I Never Should've Added My Boss on Facebook (or Lessons for Managing Gen Y)

Mike Carden

Vice President Small Business Operations

We’ve all heard the standard complaints about members of Gen Y (or "Millennials," if you prefer) - they’re disloyal, lazy, have short attention spans, you practically need to throw parades when they accomplish the simplest tasks, they want the top job on day one, don’t respect experience, won’t be long term employees, are only motivated by money, need work to be fun.

But Is Gen Y Getting a Bum Rap?

Are the things Gen Yers demand from employers really so different fro the things Gen Xers want (and are too scared - or polite - to ask for)?

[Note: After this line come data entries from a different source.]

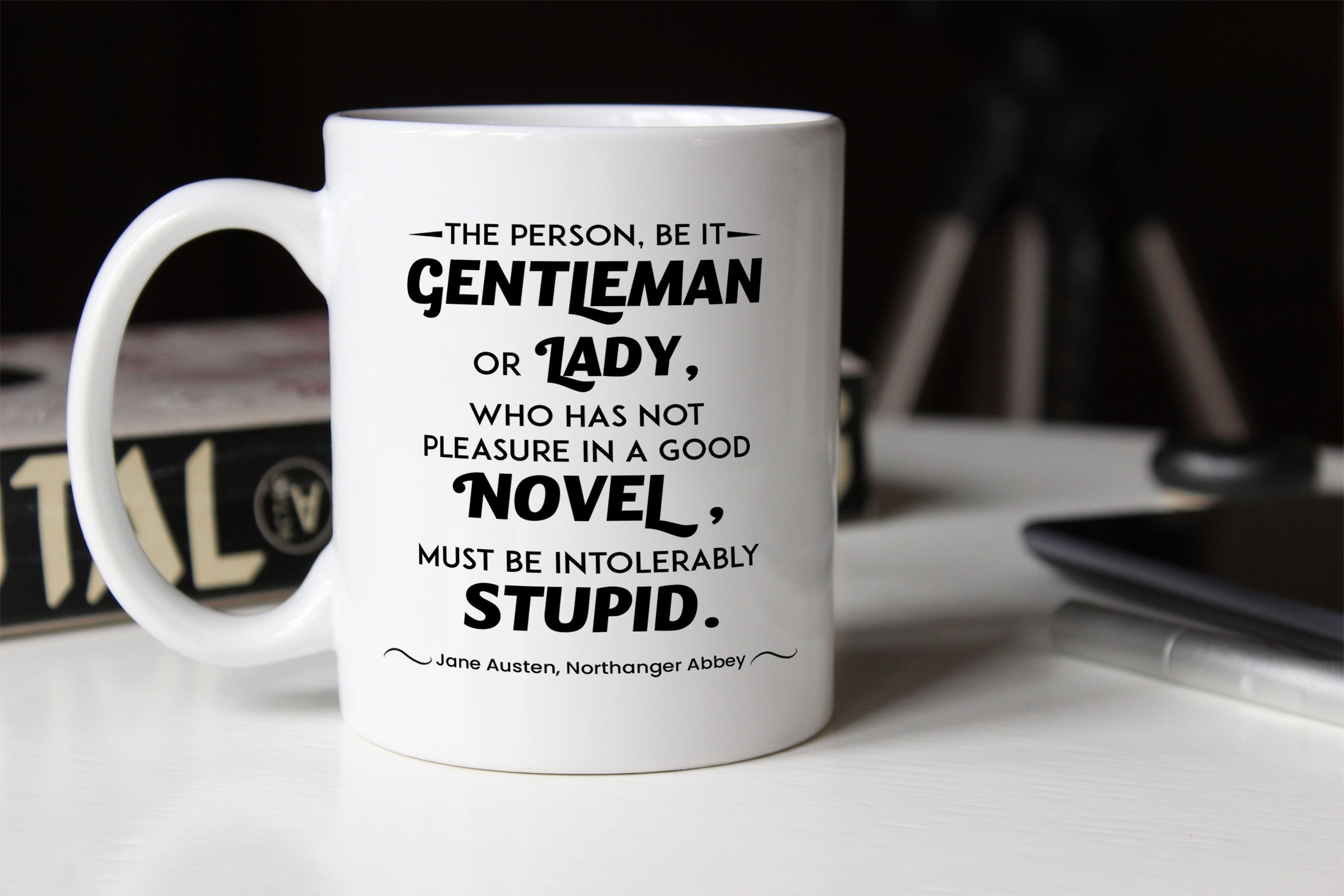 Pleasure In A Good Novel Jane Austen Coffee Mug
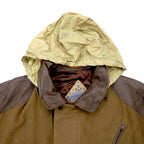 LANCEL Old Different Material Flight Jacket Bomber Jacket Blouson M Brown Polyester Retractable Hood Made in Japan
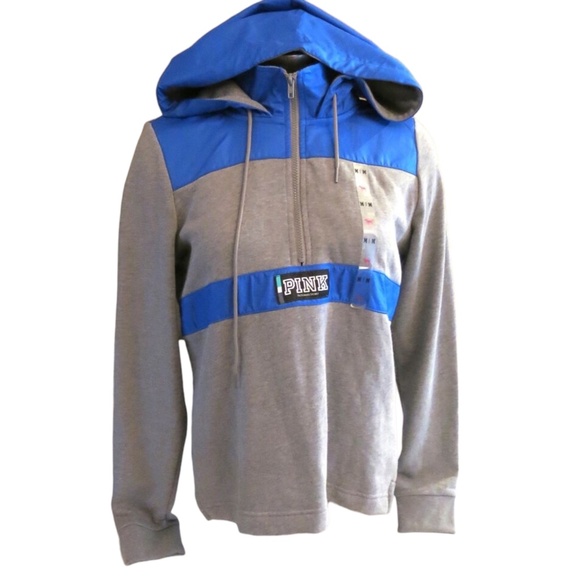 Victoria's Secret PINK Grey w/ Blue Logo Anorak Campus Pullover Hoodie M - Picture 2 of 2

Millennials have a questioning mentality - in the revolutionary, anarchic, 60’s sense. Why is there no natural light in my cubicle? Why can’t I manage the team instead of him? Where is my electric company car? Why should I cut my hair, man?

All poor Gen X got was a swivelly chair and a muffin on their birthday.

Remember to Push Their "Like" Button

Managers need to recognize Gen Y’s undoubted abilities and manage them effectively.

We know that if Millennials aren’t positively challenged and appreciated they’ll get bored and frustrated and leave (instead of hanging on, bored and grumbling in frustration around the water cooler like Gen X). Gen Y needs instant feedback.

The metaphorical back-pat has to happen as soon as a task is completed, and preferably in public. You need to push their ’like’ button.

Work Life Blur

While Gen X was all about work-life balance, Gen Y doesn’t make much distinction between the two.

Gen Y is connected. The Gen Yers are all Facebook buddies. They follow the world’s influencers, text and Skype and take photos of EVERYTHING. They blog, post and tweet what they’re thinking; often while they’re thinking it.

Their aspirations usually apply across both their professional and private lives; there’s no work-life split.

5 Millennial Performance Management Lessons

  1. Performance management should focus on collaboration, sharing goals organically and creating transparency.

  1. Make sure that your performance management approach allows anyone to question the status quo, and then grow from there.

  1. Performance management needs to provide feedback frequently (and even publically!) not save it up until the end of a period. And it should recognize that feedback creates stimulation - it encourages work!

  1. Performance management needs to focus on outcomes, not compliance.

  1. Performance management should include recognition of achievements beyond role requirements (& even beyond the organization.)

A Word of Caution for Managers

Gen Y stands up to poor leadership. If they are unhappy they will blog, post and tweet about it. Will your organization stand up to that scrutiny?